DS: No, I met Boo Hewerdine in ‘88. We had fun, but that was a major label deal. So the last 15 years or so that’s been the guiding principle of recording. That’s right around the same time I was getting bored with being a singer-songwriter and recording and doing gigs. I felt I had done it and I had been very lucky to experience these amazing things, but still I was wondering what’s next.

Oddly enough, I got interested in teaching, using my experience as a musician, an unschooled musician as a kid. I got very interested in talking to kids about following their vision and opening up to their innate creativity. That’s when I began going into schools. I started doing that a lot. Started in Austin and I’ve done it in different states and in Europe.

That has led me on this amazing journey of bizarre situations doing conflict resolution work, and all kinds of different work using songs as this medium to get people to open up to creativity and collaboration. Get them seeing the possibilities of connections with other people. So not only was that creatively fascinating to me, it stabilized my income to where I could afford to be a songwriter.

Plus, it made touring very different. I played shows and did teaching gigs all in the same tour. It took the pressure off of doing the shows and that became a lot more fun. I stopped looking at myself as a singer-songwriter, with quotation marks, and started looking at myself as a musician who uses songwriting as part of what I do.

SH: I would do the same kind of thing. I’d do a kids show during the day and then a regular gig at night. Or when I was working with Half-Price Books, I’d go into a library and play some songs during the day. I think that you and I discovered that creativity is a way of living, of choosing how to spend your time instead of waiting for that lightning bolt to strike.

DS: It’s a way of life and the more emphasis you put on it the more you have. Musicians can be self limiting especially as you get older. Sometimes you can be the smartest person in the room. You’re a street hustler and you can go all kinds of different places.

SH: Tell me about the making of the new record. What was the cornerstone or the kick-off for it? It’s very – I don’t want to say melancholy – but let’s say mellow, and the last song–

DS: “Baltimore,” that may be the darkest song I’ve ever written.

SH: There’s three very different things about the record. I was curious about the graphic on the cover, the title of the album, and then listening to it. Could you explain that?

DS: The record was started because I’ve been going up to Nashville since about ‘94. I go up there three, four, five times a year. So I had all these songs, but I had no place to put them. They didn’t really fit on any other records. There’s a guy up there, Jon Randall Stewart. He’s a songwriter, a great player, and a producer. I wanted to make a record in Nashville; I had never made one there. I could never get anyone to listen to them there, so I decided to make the record there with players from there. We started this process about five years ago, waiting ‘til I had enough songs that fit.

SH: Yeah there’s total continuity on it.

DS: So there was no rush. The song “Love Calling” wasn’t going to be on the record in the beginning.
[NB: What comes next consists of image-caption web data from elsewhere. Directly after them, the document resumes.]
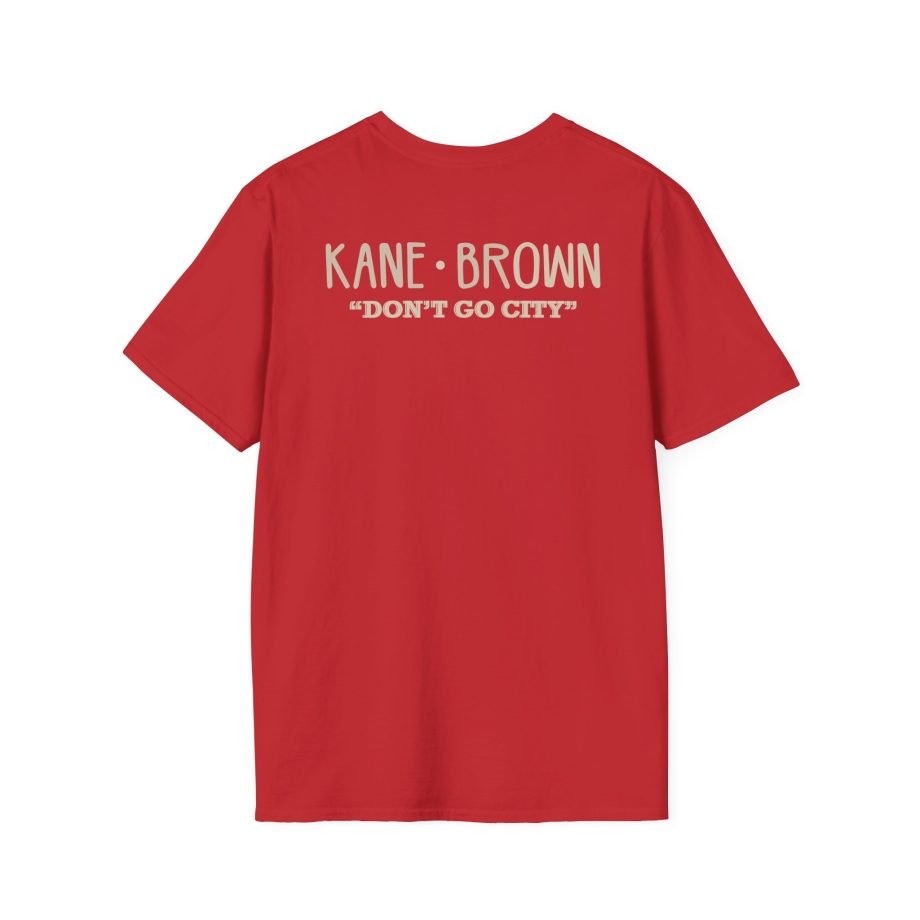 KB Don't Go City Unisex Softstyle T-Shirt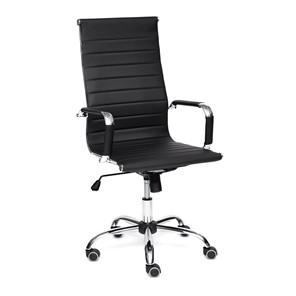 Кресло компьютерное URBAN кож/зам, черный, арт.14459 в Сыктывкаре - предосмотр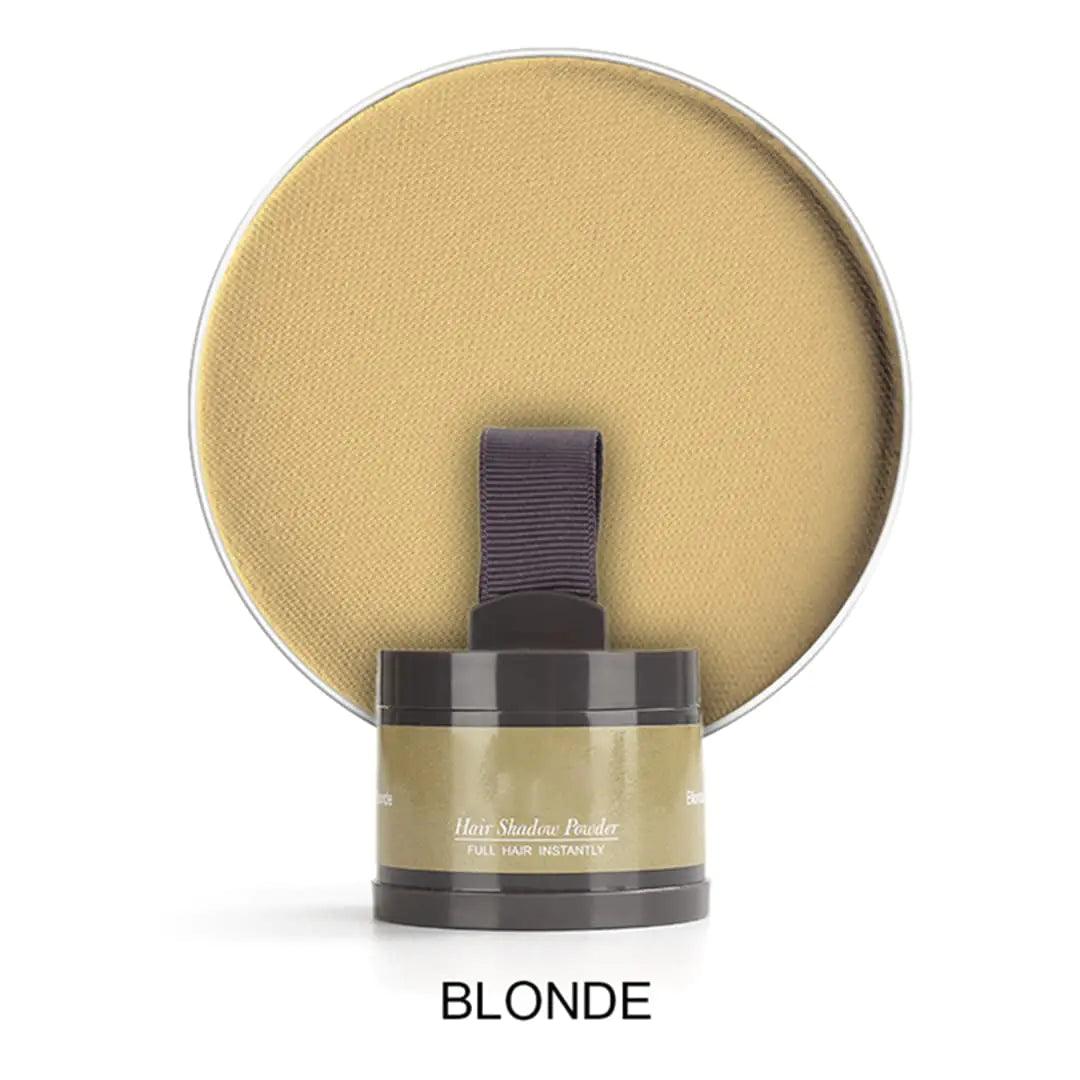 Hairline Powder (Blonde) - Instantly Conceal Gray Roots, Thin Hair Touch-Up, Hair Color Shadow Cover, 4g Blonde#001 - Evallys.com # #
But I went up to Sirius Radio and did a little concert there and did “Love Calling” about a year and a half ago. It started getting a ton of airplay on Sirius. When I told Jon that, he said we had to put it on the record, so that changed the whole vibe. So it’s mostly love songs or I-used-to-love songs.

SH: I love “I Smell Smoke” and the line, “When I say his name, you laugh it off as if it’s some kind of joke, but baby I smell smoke.”

DS: I’m not responsible for that line, but I’ll call Jay Clementi and tell him you liked it. But that was kind of the idea. I wanted to make an acoustic record and I wanted to use the Nashville acoustic player thing that’s there. It’s bluegrass-based and I’m not a part of that, but that’s why I went to Jon, because he’s a part of that world. I also used Gary Paczosa, who did all those Alison Kraus records [and works with Austin’s Sarah Jarosz]. I wanted to make something simple to see if I could pull it off.

The cover art was brought to me by the guys at Pentagram thinking that I’d say no and I said it was all right. It’s an old etching of a Catherine Wheel. It’s a tarot card, I guess. Plus I thought it would make a darn good poster.